*** EXERCISE INPUT ***

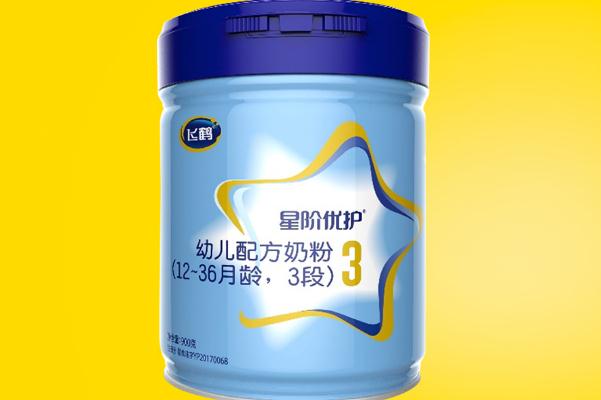 飛鶴奶粉和君樂寶奶粉哪個(gè)更好 飛鶴奶粉是哪個(gè)國(guó)家的品牌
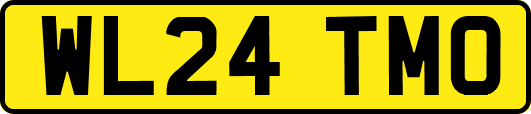 WL24TMO
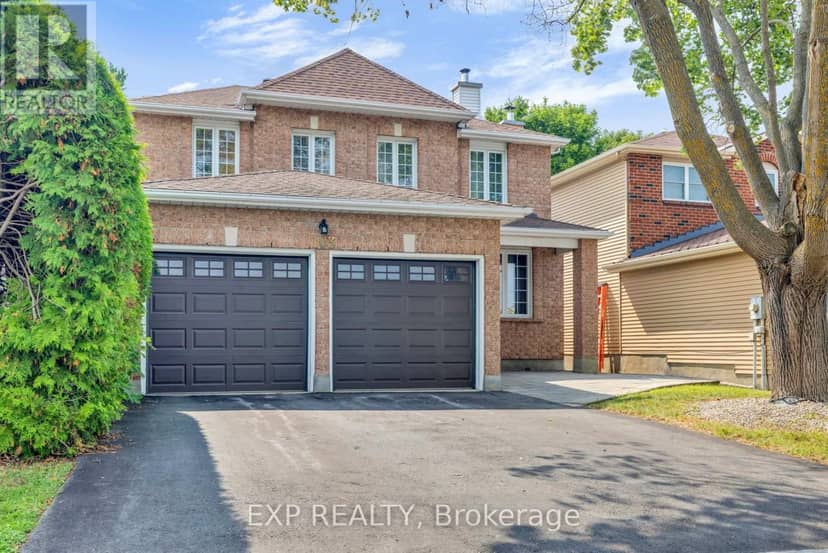 103 Flamborough Way — photo 2 of 40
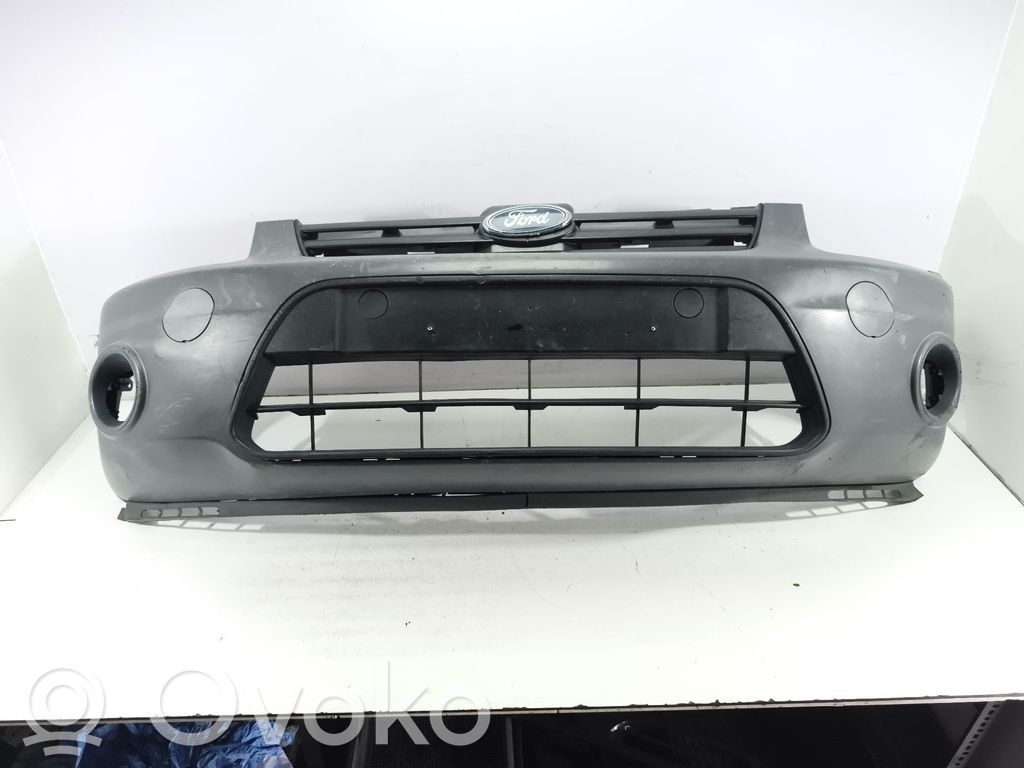 Front bumper   5072401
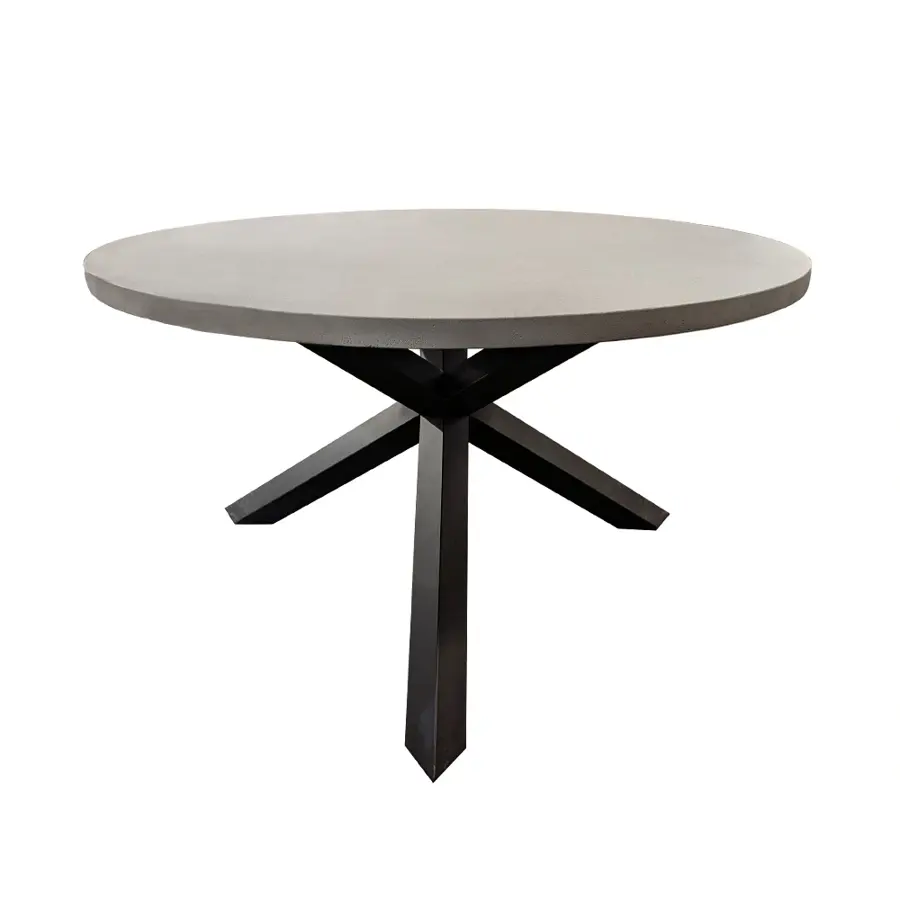 Antwerpen Casino Diningset - afbeelding 3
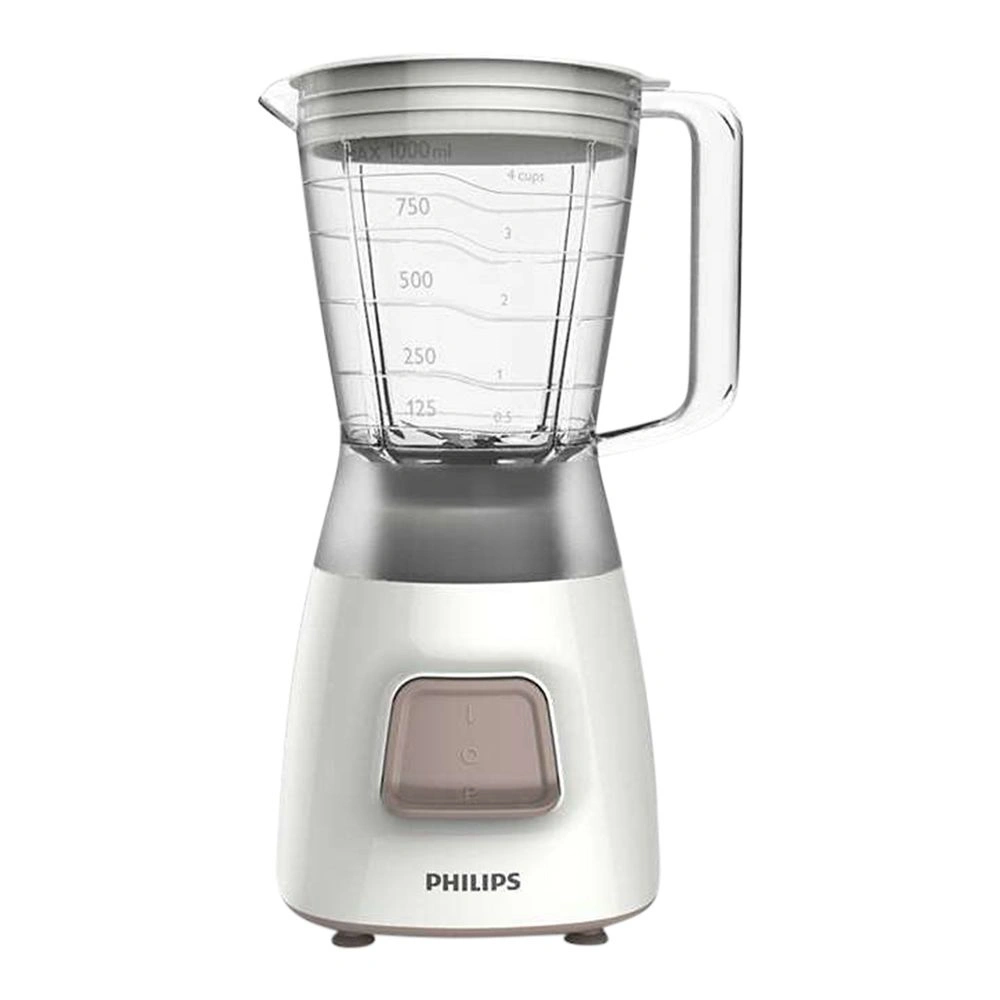 Philips Blender (HR-2056) Philips Blender (HR-2056) - Image 1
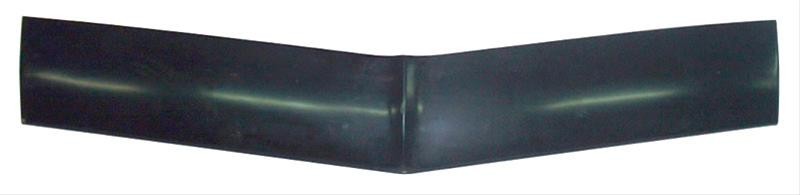 Auto Metal Direct Header Panel 130-3567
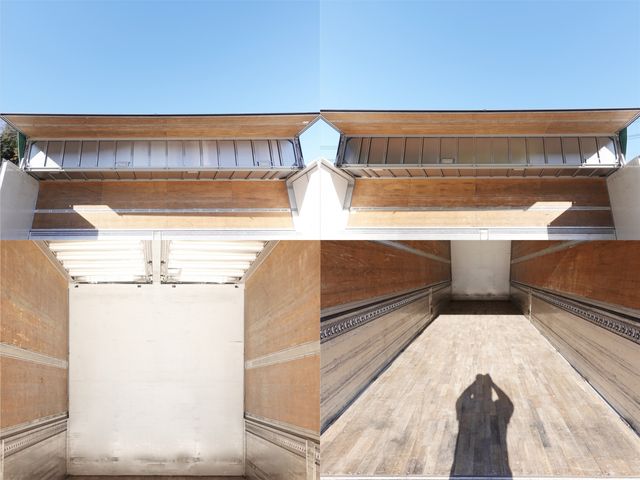 NISSAN DIESEL QUON 2018 Image 31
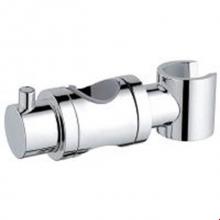 Grohe Canada 06765000 - Slide Element for Shower Bar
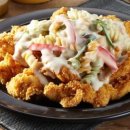 쭈노치킨 - 천안시 서북구 천안대로 1853 | 쭈노치킨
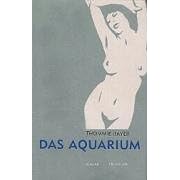Das Aquarium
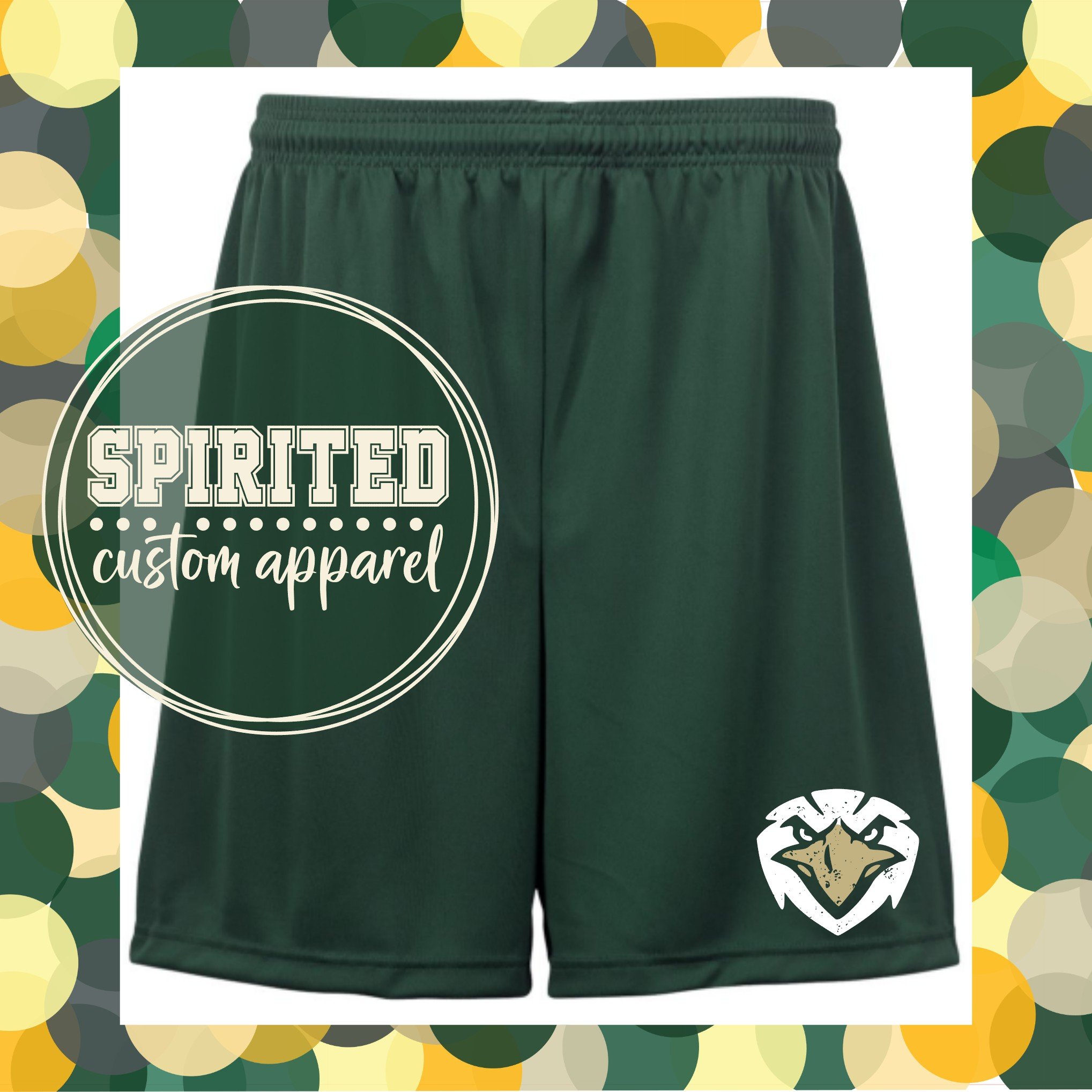 shorts2.jpg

*** End of EXERCISE INPUT ***

Range to print from the listing above: from the line with "103 Flamborough Way — photo 2 of 40" up to and including the line with "Grohe Canada 06765000". Please print those lines exactly, with no pictures and nothing more.

> [SOLVED PROBLEM]:
 103 Flamborough Way — photo 2 of 40
 Front bumper   5072401
 Antwerpen Casino Diningset - afbeelding 3
 Philips Blender (HR-2056) Philips Blender (HR-2056) - Image 1
 Auto Metal Direct Header Panel 130-3567
 NISSAN DIESEL QUON 2018 Image 31
 Grohe Canada 06765000 - Slide Element for Shower Bar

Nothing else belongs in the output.